▶ [THE PROBLEM] Among the lines below, list those containing the string "Beaded".

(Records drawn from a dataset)
■ ■ ■ ■ ■

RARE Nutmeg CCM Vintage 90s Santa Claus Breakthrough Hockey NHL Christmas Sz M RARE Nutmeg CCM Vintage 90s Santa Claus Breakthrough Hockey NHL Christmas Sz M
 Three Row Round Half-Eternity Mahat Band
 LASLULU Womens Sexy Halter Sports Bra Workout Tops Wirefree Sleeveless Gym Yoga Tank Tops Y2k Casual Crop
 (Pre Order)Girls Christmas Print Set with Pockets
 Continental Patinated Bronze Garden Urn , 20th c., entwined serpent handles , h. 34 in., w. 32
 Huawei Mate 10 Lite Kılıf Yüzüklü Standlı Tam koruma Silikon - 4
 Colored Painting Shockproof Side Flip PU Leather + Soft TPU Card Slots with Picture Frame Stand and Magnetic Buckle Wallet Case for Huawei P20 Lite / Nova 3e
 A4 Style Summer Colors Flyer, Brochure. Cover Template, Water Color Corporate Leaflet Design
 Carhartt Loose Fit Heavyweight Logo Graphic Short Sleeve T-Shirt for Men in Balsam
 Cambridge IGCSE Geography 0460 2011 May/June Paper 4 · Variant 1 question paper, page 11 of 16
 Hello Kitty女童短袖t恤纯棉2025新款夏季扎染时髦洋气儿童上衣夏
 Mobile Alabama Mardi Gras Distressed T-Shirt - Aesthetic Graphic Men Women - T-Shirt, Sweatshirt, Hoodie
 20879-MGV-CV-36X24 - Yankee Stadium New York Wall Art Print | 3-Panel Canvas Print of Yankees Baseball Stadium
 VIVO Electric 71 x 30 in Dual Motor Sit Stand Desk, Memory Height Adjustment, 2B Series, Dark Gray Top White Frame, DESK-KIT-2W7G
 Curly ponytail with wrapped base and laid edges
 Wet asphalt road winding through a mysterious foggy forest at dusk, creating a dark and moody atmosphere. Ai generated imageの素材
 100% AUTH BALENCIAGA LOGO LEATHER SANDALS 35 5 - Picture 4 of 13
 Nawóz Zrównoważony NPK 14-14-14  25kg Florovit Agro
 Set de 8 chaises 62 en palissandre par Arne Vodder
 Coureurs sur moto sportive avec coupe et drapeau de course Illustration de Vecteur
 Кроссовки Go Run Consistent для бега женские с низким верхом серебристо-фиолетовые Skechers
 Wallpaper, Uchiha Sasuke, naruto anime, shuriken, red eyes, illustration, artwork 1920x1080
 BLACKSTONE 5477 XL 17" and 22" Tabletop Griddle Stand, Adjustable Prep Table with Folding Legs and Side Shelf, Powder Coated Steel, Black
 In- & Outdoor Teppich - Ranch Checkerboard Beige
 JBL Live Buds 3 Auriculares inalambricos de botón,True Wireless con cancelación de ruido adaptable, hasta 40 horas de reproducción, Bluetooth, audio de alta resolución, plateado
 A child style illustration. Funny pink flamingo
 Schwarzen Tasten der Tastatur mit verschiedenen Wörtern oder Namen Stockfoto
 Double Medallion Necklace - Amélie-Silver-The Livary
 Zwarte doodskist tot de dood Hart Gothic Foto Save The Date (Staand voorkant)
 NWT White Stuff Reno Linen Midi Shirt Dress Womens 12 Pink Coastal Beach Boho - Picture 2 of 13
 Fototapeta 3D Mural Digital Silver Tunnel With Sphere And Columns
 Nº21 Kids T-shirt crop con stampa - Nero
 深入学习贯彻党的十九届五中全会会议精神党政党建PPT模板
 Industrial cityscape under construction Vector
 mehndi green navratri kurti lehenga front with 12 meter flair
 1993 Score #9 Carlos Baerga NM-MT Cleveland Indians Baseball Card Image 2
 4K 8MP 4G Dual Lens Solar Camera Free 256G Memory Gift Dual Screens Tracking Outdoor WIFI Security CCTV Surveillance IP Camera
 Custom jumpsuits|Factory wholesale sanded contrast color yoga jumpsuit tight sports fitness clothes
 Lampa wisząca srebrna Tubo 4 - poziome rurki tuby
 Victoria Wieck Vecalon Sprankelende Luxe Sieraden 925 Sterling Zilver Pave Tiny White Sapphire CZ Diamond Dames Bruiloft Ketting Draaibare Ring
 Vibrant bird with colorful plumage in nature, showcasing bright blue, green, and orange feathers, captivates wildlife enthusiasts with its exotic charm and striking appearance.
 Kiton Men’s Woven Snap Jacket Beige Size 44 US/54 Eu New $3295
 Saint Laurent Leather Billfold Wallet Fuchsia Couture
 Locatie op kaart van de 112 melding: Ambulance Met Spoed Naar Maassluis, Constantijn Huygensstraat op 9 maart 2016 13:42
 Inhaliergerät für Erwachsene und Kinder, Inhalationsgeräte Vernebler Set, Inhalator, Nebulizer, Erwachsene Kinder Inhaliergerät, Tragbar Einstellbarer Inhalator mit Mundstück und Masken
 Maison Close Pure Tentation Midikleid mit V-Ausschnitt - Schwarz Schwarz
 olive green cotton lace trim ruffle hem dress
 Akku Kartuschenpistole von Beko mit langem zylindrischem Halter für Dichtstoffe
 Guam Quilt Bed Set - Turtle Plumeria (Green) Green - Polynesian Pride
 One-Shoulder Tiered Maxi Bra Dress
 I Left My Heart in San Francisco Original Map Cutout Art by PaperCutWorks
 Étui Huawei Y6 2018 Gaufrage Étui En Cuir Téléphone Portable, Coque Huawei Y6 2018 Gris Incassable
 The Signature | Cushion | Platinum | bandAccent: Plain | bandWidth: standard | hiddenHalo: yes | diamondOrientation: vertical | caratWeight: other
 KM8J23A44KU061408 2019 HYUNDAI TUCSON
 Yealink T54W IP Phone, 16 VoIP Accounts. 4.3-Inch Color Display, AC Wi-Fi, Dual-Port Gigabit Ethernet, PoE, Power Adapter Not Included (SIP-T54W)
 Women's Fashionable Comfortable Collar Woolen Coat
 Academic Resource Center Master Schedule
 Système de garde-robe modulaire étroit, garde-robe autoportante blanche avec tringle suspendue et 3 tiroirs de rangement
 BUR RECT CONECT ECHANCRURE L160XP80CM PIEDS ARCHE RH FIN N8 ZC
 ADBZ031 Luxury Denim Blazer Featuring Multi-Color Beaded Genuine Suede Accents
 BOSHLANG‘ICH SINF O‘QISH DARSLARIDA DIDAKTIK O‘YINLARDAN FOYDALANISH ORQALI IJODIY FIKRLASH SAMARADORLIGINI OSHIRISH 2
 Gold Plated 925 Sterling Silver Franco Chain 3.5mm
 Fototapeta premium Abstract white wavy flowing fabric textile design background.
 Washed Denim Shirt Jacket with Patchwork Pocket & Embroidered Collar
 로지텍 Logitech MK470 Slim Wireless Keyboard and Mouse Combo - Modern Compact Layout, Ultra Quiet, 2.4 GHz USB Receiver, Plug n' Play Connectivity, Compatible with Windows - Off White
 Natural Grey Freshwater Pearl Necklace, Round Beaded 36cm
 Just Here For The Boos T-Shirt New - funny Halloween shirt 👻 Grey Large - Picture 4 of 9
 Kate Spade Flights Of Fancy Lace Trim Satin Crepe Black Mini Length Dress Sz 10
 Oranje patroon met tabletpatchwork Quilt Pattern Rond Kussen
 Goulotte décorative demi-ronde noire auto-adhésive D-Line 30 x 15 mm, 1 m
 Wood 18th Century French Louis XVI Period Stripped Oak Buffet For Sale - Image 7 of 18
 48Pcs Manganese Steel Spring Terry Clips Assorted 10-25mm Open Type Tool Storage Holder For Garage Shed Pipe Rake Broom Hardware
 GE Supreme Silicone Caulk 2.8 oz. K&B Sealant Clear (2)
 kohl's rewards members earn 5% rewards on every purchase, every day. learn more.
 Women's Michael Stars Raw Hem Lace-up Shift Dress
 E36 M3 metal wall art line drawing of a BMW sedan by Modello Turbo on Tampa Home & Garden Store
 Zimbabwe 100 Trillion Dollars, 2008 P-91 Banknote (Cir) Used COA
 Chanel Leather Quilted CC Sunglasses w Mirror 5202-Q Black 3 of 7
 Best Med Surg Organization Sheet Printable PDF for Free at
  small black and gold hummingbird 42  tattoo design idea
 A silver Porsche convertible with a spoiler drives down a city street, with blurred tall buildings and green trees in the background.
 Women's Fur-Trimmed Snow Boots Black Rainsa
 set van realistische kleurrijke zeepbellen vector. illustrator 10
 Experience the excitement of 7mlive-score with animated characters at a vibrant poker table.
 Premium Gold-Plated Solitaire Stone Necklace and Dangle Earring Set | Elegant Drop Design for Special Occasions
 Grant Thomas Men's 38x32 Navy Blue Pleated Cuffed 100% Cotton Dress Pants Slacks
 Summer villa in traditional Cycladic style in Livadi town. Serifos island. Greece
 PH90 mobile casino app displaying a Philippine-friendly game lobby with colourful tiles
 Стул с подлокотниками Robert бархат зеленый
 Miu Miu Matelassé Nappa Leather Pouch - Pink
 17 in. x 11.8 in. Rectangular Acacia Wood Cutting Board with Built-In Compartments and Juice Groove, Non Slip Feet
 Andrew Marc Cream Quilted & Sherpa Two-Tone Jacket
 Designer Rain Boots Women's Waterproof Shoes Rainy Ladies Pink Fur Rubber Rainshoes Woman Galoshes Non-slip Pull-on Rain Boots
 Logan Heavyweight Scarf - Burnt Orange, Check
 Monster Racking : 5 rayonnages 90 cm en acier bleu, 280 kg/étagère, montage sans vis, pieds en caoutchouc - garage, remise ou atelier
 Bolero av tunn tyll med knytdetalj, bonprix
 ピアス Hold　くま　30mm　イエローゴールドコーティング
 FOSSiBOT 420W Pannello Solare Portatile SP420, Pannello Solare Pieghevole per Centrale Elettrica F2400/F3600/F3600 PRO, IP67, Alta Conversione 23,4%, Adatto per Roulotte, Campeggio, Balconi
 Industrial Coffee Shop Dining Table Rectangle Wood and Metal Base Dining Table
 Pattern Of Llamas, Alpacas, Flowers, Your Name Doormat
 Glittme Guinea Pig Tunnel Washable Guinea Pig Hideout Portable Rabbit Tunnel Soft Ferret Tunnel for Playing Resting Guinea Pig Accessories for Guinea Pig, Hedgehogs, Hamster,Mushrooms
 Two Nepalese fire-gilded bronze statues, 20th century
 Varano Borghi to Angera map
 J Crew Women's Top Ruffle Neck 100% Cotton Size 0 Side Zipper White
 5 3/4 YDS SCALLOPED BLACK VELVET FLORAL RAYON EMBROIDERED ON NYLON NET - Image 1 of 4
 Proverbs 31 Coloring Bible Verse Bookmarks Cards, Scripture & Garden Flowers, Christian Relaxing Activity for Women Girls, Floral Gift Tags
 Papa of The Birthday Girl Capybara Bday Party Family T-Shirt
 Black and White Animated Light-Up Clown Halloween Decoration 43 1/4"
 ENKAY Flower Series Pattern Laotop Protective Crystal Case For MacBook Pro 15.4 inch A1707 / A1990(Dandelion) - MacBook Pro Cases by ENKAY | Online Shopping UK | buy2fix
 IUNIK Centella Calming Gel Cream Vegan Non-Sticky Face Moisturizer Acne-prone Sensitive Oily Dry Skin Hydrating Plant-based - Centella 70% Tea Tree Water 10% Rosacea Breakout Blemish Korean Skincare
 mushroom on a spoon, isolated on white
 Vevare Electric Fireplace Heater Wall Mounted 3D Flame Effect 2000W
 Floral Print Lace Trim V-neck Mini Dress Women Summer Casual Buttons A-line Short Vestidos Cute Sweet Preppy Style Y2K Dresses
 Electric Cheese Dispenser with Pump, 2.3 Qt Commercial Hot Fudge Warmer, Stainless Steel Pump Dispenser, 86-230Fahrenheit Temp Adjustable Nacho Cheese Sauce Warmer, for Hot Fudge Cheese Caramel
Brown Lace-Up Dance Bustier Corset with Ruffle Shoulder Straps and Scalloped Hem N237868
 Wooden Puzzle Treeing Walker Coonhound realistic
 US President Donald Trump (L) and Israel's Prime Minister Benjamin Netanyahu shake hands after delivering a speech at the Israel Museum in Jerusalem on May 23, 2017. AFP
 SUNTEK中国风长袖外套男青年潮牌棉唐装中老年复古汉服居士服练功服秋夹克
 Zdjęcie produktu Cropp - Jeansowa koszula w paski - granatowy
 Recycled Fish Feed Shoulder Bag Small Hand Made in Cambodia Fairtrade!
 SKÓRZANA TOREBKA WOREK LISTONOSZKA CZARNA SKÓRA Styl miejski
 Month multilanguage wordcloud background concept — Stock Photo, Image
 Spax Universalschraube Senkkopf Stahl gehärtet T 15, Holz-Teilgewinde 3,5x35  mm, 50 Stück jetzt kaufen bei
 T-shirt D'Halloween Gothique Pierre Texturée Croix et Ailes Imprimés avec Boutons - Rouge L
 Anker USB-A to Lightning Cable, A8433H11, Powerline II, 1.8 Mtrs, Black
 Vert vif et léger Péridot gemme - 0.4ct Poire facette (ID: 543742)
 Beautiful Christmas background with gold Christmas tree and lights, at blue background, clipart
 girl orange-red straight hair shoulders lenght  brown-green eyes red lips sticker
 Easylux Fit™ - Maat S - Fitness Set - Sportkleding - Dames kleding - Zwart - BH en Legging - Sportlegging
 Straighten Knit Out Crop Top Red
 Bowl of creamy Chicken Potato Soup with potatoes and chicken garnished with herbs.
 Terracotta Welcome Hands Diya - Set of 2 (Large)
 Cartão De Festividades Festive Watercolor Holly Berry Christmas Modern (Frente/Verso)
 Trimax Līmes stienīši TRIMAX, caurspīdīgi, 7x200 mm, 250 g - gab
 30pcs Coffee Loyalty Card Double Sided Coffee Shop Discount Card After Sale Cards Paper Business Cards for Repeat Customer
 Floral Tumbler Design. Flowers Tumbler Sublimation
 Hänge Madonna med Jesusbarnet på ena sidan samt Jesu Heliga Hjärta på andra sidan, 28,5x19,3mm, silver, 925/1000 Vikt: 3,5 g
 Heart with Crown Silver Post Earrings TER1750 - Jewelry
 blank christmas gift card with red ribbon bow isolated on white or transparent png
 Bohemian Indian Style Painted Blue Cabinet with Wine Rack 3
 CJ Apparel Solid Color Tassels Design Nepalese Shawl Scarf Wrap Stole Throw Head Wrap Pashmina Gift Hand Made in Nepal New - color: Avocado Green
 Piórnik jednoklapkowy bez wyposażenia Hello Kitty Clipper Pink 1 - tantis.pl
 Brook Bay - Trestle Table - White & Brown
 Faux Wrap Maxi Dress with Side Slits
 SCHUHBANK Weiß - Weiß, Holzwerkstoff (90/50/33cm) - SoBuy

■ ■ ■ ■ ■

▶ [RESULT]
 ADBZ031 Luxury Denim Blazer Featuring Multi-Color Beaded Genuine Suede Accents
 Natural Grey Freshwater Pearl Necklace, Round Beaded 36cm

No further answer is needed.